◆ DIRECTIONS FOR THIS TASK:
From the entries below, reproduce exactly the lines from the one with "OGFOD1 Antibody (aa1-50)" through the one with "Entre le 14", both included, without images.

◆ DATA UNDER STUDY:
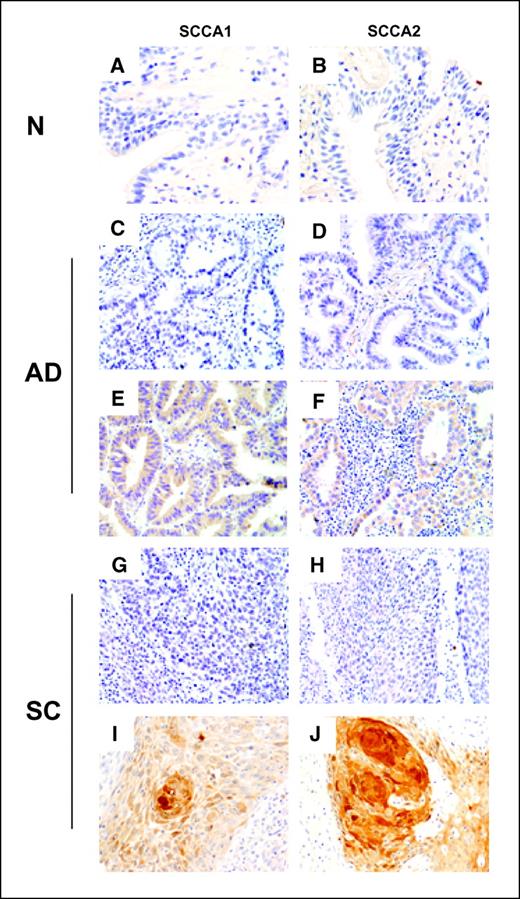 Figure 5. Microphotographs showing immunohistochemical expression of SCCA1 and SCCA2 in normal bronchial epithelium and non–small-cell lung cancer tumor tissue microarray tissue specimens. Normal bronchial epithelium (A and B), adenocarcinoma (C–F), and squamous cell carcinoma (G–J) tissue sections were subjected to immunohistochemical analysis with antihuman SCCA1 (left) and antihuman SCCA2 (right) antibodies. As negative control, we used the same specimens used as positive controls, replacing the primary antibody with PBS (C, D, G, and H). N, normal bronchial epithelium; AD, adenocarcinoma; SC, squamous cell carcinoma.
---
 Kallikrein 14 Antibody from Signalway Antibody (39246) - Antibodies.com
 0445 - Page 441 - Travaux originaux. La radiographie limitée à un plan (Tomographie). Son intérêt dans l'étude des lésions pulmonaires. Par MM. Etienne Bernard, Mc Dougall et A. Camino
* * *
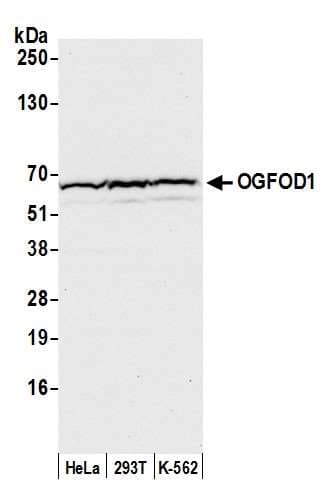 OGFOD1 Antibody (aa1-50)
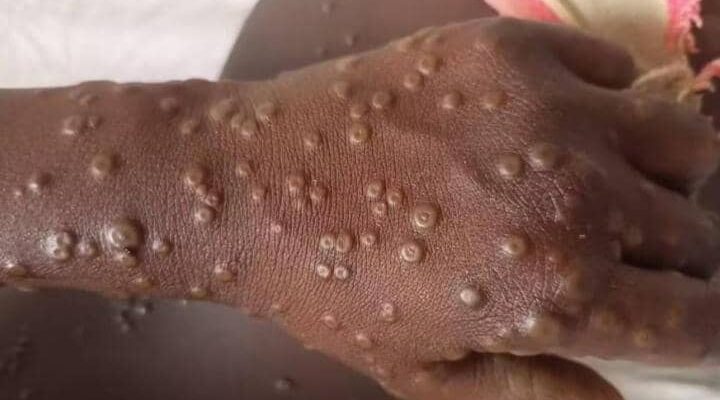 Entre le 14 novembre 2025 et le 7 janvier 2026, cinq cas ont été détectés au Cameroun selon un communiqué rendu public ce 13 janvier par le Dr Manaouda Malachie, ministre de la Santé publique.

◆ SOLUTION TO THIS EXERCISE:
 OGFOD1 Antibody (aa1-50)
 Entre le 14 novembre 2025 et le 7 janvier 2026, cinq cas ont été détectés au Cameroun selon un communiqué rendu public ce 13 janvier par le Dr Manaouda Malachie, ministre de la Santé publique.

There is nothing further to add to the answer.